Richard married Betsy Conti ( Cahill) in 1962 and had four children whom they raised in Manly.

Conti was greatly involved in his local and regional communities throughout his life. This included his interest in rugby league: he appeared against New South Wales Rugby League bosses John Quayle and Colin Love in 1985, successfully advocating to keep embattled club Western Suburbs Magpies in the competition. He was later appointed the chairman of the NSWRL Judiciary. The Conti's also had a 40-year association with the Tamworth district, when Richard purchased Mount View in 1974 and later Keringal and Yaraan. Both him and Betsy were greatly involved with the community at the nearby town of Bendemeer and owned the local pub for some of this time.

== Career ==
Following his studies he was admitted as a solicitor in 1960 and became a partner in the firm of Arthur Pritchard and Co. until 1967. He was admitted to the Bar in 1967 and joined the eleventh floor of Wentworth Chambers, where he remained until his appointment to the Bench. He was appointed to the position of a Queen's Counsel in 1977. On 15 August 2000 he was appointed as a judge of the Federal Court. In a 2005 case involving architectural drawings, Conti was criticised and his verdict overturned by an appeals court because of concerns that his views had prejudiced the case. However, on appeal, the High Court overturned the decision of the Full Federal Court and held that no reasonable apprehension of bias on the part of Justice Conti was established.

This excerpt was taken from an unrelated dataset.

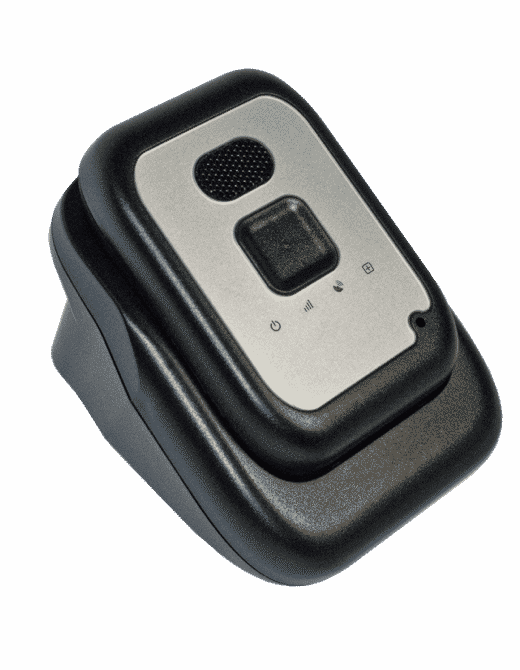 Medical Alarm Systems Lower Risks Of Permanent Damage - Mobile Phone (520x670), Png Download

Since the beginning of his career, he engaged in a diverse practice of tax, trade practices, intellectual property and corporations law which took him to the Privy Council and many courts in Australia. He has been described as having had profound knowledge of the law, cross examining skills and acute sense of tactics, and absolute integrity. A motto of his was: "Barristers are briefed to fight their client's cause, not to fight each other." He supported and mentored many junior barristers, advising them: "Don’t try to learn all the law. Just know where to look for it".